- _EXERCISE BRIEF_:
Copy exactly the lines of the data below, beginning with the line with "BLACK LEATHER VERSACE WATCH BOX" and ending with the line with "Tough-claw Mount With". Pictures are to be omitted.

----- RECORDS TO PROCESS

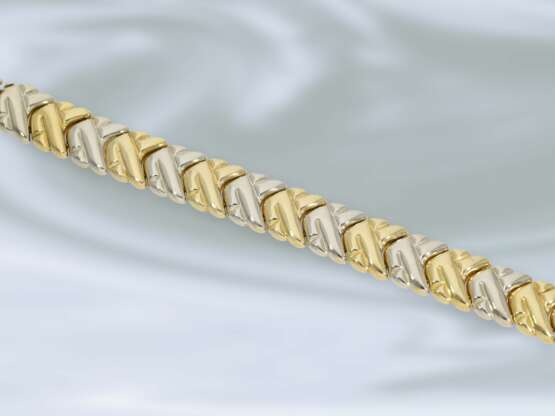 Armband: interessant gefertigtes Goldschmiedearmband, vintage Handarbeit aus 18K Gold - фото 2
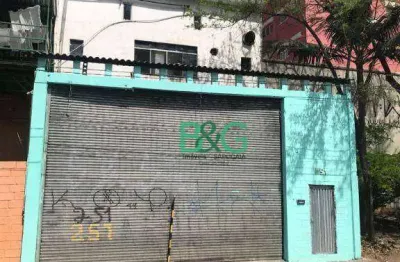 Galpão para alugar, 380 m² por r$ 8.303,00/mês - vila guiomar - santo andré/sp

----------
----- RECORDS TO PROCESS

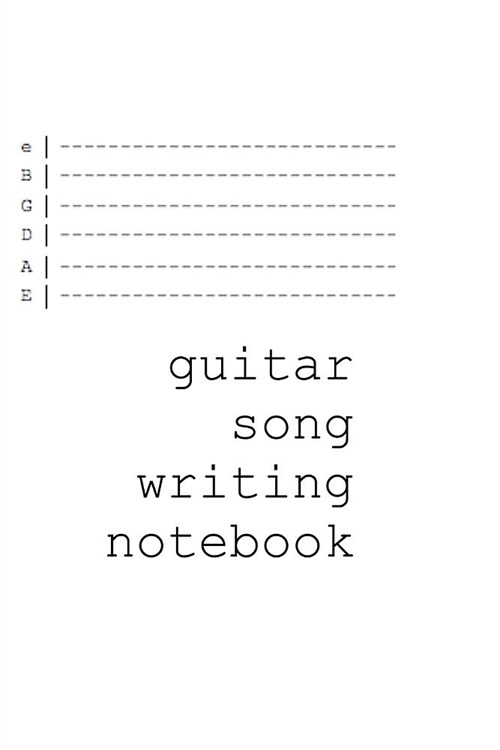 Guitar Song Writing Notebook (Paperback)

----------
----- RECORDS TO PROCESS

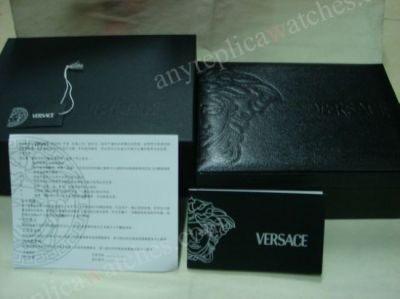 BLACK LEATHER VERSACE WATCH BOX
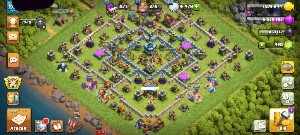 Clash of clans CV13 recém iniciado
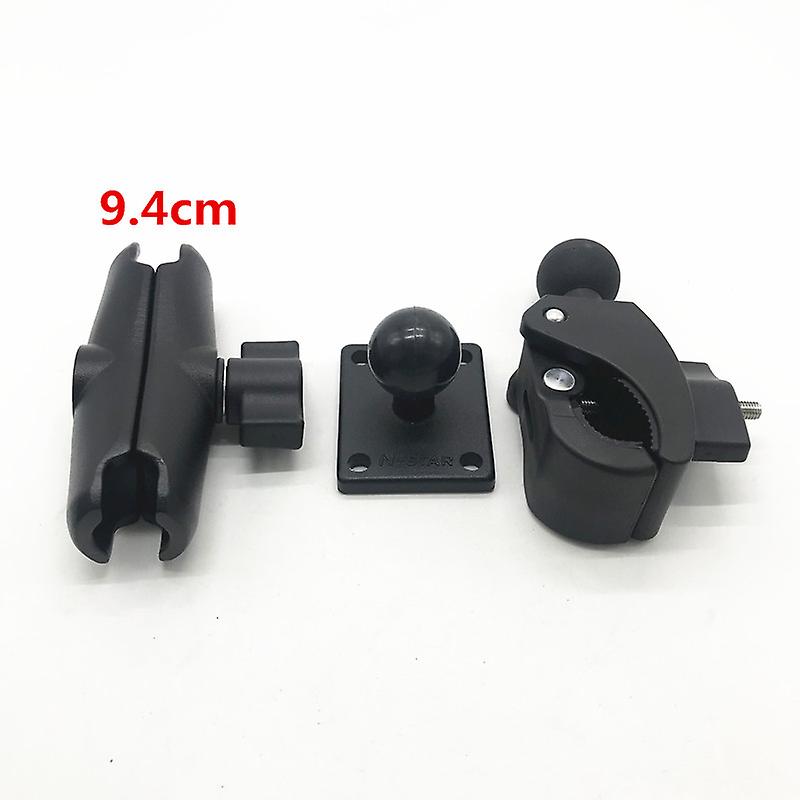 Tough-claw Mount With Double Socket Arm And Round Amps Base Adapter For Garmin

----------

- _RESPONSE TO THE EXERCISE_:
 BLACK LEATHER VERSACE WATCH BOX
 Clash of clans CV13 recém iniciado
 Tough-claw Mount With Double Socket Arm And Round Amps Base Adapter For Garmin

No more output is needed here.